The listing below contains a span that opens with the line containing "Super White - Camry SE Photo No. 2" and closes with the line containing "Porsche Panamera 4 E-Hybrid PHEV - 4". Return that span exactly.

◆ DATA FOR THE TASK:
↓

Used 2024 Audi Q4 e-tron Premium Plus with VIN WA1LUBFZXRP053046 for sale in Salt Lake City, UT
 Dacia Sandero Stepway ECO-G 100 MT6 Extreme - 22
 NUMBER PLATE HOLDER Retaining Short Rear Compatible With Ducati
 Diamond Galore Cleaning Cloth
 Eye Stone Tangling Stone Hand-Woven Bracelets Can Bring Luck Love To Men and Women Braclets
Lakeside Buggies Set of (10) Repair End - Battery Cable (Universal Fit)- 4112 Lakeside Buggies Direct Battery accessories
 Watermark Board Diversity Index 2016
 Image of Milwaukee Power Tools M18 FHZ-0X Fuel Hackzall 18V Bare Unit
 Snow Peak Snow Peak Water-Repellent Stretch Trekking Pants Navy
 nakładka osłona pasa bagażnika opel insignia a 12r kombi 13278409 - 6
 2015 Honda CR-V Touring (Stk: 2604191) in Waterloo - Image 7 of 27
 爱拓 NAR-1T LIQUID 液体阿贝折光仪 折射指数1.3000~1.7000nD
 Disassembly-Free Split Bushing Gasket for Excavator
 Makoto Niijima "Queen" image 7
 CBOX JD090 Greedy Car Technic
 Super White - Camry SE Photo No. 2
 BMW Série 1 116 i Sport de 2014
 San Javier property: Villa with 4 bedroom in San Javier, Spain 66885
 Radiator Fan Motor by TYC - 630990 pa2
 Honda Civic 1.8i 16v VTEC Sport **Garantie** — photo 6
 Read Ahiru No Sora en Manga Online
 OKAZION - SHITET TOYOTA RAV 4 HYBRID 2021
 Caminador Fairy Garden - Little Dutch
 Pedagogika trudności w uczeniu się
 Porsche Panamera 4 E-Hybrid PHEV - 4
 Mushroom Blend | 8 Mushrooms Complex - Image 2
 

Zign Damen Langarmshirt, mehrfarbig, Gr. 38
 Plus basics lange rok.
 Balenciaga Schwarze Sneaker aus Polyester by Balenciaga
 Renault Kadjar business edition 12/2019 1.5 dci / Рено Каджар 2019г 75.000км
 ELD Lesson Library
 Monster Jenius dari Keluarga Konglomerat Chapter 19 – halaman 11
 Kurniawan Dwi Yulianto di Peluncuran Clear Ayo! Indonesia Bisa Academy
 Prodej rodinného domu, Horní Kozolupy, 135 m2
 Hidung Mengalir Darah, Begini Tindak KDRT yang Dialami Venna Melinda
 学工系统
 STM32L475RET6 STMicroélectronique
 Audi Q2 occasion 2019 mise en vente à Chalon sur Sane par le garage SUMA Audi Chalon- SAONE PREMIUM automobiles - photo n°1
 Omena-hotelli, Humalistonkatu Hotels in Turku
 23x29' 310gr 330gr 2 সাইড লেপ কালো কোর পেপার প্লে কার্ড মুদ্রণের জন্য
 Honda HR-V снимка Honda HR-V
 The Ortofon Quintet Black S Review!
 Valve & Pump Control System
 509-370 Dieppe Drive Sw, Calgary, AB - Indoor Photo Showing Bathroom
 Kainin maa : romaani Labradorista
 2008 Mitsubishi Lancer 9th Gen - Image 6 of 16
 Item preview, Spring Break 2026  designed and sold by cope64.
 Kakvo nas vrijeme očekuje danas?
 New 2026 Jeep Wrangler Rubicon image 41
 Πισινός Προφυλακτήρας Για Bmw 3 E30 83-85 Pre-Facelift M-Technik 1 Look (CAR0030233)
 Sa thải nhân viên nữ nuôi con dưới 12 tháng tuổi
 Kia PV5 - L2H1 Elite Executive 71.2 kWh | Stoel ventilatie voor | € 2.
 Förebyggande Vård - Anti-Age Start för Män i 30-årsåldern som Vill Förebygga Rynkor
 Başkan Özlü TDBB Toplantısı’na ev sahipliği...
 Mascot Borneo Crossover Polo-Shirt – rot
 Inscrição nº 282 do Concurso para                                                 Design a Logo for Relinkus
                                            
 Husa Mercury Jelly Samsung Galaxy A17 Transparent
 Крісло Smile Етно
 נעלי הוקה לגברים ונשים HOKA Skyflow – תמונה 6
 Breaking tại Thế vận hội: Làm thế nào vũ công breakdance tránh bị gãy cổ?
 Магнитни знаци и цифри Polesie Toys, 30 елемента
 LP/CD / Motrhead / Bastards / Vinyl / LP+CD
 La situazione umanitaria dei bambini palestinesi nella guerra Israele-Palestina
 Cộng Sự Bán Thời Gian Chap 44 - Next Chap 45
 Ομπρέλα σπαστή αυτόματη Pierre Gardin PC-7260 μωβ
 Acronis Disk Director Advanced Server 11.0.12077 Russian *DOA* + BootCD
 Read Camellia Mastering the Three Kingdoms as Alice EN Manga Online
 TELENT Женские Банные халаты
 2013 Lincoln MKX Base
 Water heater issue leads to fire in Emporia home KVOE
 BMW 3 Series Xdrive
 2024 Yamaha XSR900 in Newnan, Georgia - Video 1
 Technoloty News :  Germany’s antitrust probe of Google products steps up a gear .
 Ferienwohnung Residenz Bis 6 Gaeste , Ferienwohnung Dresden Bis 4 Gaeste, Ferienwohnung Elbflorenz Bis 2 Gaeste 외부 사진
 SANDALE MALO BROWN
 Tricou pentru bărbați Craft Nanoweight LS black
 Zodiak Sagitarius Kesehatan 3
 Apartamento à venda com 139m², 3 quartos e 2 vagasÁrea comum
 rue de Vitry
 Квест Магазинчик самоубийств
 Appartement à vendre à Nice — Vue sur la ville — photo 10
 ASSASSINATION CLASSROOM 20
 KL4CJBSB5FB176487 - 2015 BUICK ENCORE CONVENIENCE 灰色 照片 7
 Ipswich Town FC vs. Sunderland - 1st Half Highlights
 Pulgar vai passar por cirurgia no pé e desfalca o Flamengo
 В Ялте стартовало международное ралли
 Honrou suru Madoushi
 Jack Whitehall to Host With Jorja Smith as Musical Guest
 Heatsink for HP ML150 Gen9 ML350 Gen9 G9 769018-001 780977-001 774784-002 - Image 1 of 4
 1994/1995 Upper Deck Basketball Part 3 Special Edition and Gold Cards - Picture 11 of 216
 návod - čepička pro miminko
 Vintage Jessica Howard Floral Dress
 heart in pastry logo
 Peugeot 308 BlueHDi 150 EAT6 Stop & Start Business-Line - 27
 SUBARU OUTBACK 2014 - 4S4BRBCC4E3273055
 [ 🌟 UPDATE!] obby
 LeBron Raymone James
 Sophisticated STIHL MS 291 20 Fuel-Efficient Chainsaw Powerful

↑

◆ WRITTEN ANSWER:
 Super White - Camry SE Photo No. 2
 BMW Série 1 116 i Sport de 2014
 San Javier property: Villa with 4 bedroom in San Javier, Spain 66885
 Radiator Fan Motor by TYC - 630990 pa2
 Honda Civic 1.8i 16v VTEC Sport **Garantie** — photo 6
 Read Ahiru No Sora en Manga Online
 OKAZION - SHITET TOYOTA RAV 4 HYBRID 2021
 Caminador Fairy Garden - Little Dutch
 Pedagogika trudności w uczeniu się
 Porsche Panamera 4 E-Hybrid PHEV - 4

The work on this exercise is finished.